Após o investimento de vultosas quantias para aquilatar, por meio de uma série de atividades exploratórias, acerca de seu interesse econômico em jazida petrolífera, a empresa enviou, com atraso de apenas nove dias em relação ao prazo final do período exploratório contratualmente previsto, a notificação de descoberta de hidrocarbonetos quanto a um poço de petróleo perfurado. Da perspectiva formal, essa notificação deveria ter ocorrido antes do término da fase exploratória.

Registre-se que, entre o momento da assinatura do contrato (que possibilita o início das atividades de exploração no bloco) e o fim da fase de exploração, o prazo pactuado era de 5 anos, ou seja, a empresa petrolífera tinha, pelo contrato, 1.825 dias de prazo a ser cumprido para notificar a descoberta, mas, ao realizar a comunicação de descoberta de óleo no poço, ela havia ultrapassado o seu prazo fatal em nove dias.

Entendi, na ocasião do julgamento, que não deveria prevalecer um rigorismo excessivo na interpretação dada pela agência regulatória aos efeitos de um mínimo inadimplemento contratual relativo a prazo, qual seja, de ultrapassar em nove dias o prazo de um contrato cuja fase inicial era de cinco anos (sem levar em consideração o prazo de até 27 anos previsto para a fase de produção, o que eleva o prazo total possível do contrato a 32 anos).

Não obstante isso, minha posição restou vencida naquele julgamento. Tal fato me chamou a atenção para a resistência na aceitação da Teoria do Adimplemento Substancial no Direito Administrativo brasileiro (embora tal teoria seja amplamente aceita no âmbito do direito privado). E o presente caso se amolda como paradigma para a análise da tese.

A questão aproxima-se daquilo que a tradição jurídica do common law denomina de “substantial performance”, “substantial compliance” ou “substantial completion” e que foi trazida para o direito brasileiro sob o nome de “adimplemento substancial”. Em teoria geral dos contratos, refere-se ao fato de que violaria a boa-fé, em seu sentido objetivo, que o contratante que adimplisse substancialmente sua parte no contrato fosse apenado com a perda do direito de receber a contraprestação, pelo simples fato de que, formalmente, não cumpriu parte mínima da avença.

A respeito, o próprio Conselho da Justiça Federal, em seu Enunciado 361 da IV Jornada de Direito Civil: “Enunciado 361 – Arts. 421, 422 e 475: O adimplemento substancial decorre dos princípios gerais contratuais, de modo a fazer preponderar a função social do contrato e o princípio da boa-fé objetiva, balizando a aplicação do art. 475.”

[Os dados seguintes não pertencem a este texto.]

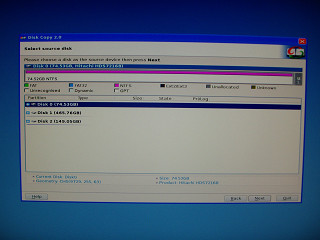 2008年9月20日EASEUS Disk Copy 画面3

Também a doutrina segue no mesmo sentido, como leciona Carlos Roberto Gonçalves:

O adimplemento substancial do contrato, todavia, tem sido reconhecido, pela doutrina, como impedimento à resolução unilateral do contrato. Sustenta-se que a hipótese de resolução contratual por inadimplemento haverá de ceder diante do pressuposto do atendimento quase integral das obrigações pactuadas, ou seja, do incumprimento insignificante da avença, não se afigurando razoável a sua extinção como resposta jurídica à preservação e à função social do contrato (CC, art. 421).
Ressalta Jones Figueirêdo Alves que “a introdução da boa-fé objetiva nos contratos, como requisito de validade, de conclusão e de execução, em regra expressa e norma positivada pelo art. 422 do Novo Código Civil, trouxe consigo o delineamento da teoria da substancial performance como exigência e fundamento do princípio consagrado em cláusula geral aberta na relação contratual. É pela observância de tal princípio, notadamente aplicável aos contratos massificados, que a teoria se situa preponderante, como elemento impediente ao direito de resolução do contrato, sob a inspiração da doutrina de Couto e Silva”.1

A teoria, longe de estar apenas em obras acadêmicas, já foi aplicada em nossa jurisprudência, não apenas para contratos privados, mas também a contratos administrativos, tal como manifestou o Ministro do Superior Tribunal de Justiça (STJ) José Delgado, no julgamento do RESP 914.087/RJ (julgado em 4/10/2007, DJ 29/10/2007, p. 190):

ADMINISTRATIVO. RECURSO ESPECIAL. LICITAÇÃO. INTERPRETAÇÃO DO ART. 87 DA LEI N. 8.666/1993.
1. Acolhimento, em sede de recurso especial, do acórdão de segundo grau assim ementado (fl. 186):
DIREITO ADMINISTRATIVO. CONTRATO ADMINISTRATIVO. INADIMPLEMENTO. RESPONSABILIDADE ADMINISTRATIVA. ART. 87, LEI 8.666/1993. MANDADO DE SEGURANÇA. RAZOABILIDADE.
1. Cuida-se de mandado de segurança impetrado contra ato de autoridade militar que aplicou a penalidade de suspensão temporária de participação em licitação devido ao atraso no cumprimento da prestação de fornecer os produtos contratados.
2. O art. 87, da Lei no 8.666/1993, não estabelece critérios claros e objetivos acerca das sanções decorrentes do descumprimento do contrato, mas por óbvio existe uma gradação acerca das penalidades previstas nos quatro incisos do dispositivo legal.
3. Na contemporaneidade, os valores e princípios constitucionais relacionados à igualdade substancial, justiça social e solidariedade, fundamentam mudanças de paradigmas antigos em matéria de contrato, inclusive no campo do contrato administrativo que, desse modo, sem perder suas características e atributos do período anterior, passa a ser informado pela noção de boa-fé objetiva, transparência e razoabilidade no campo pré-contratual, durante o contrato e pós-contratual.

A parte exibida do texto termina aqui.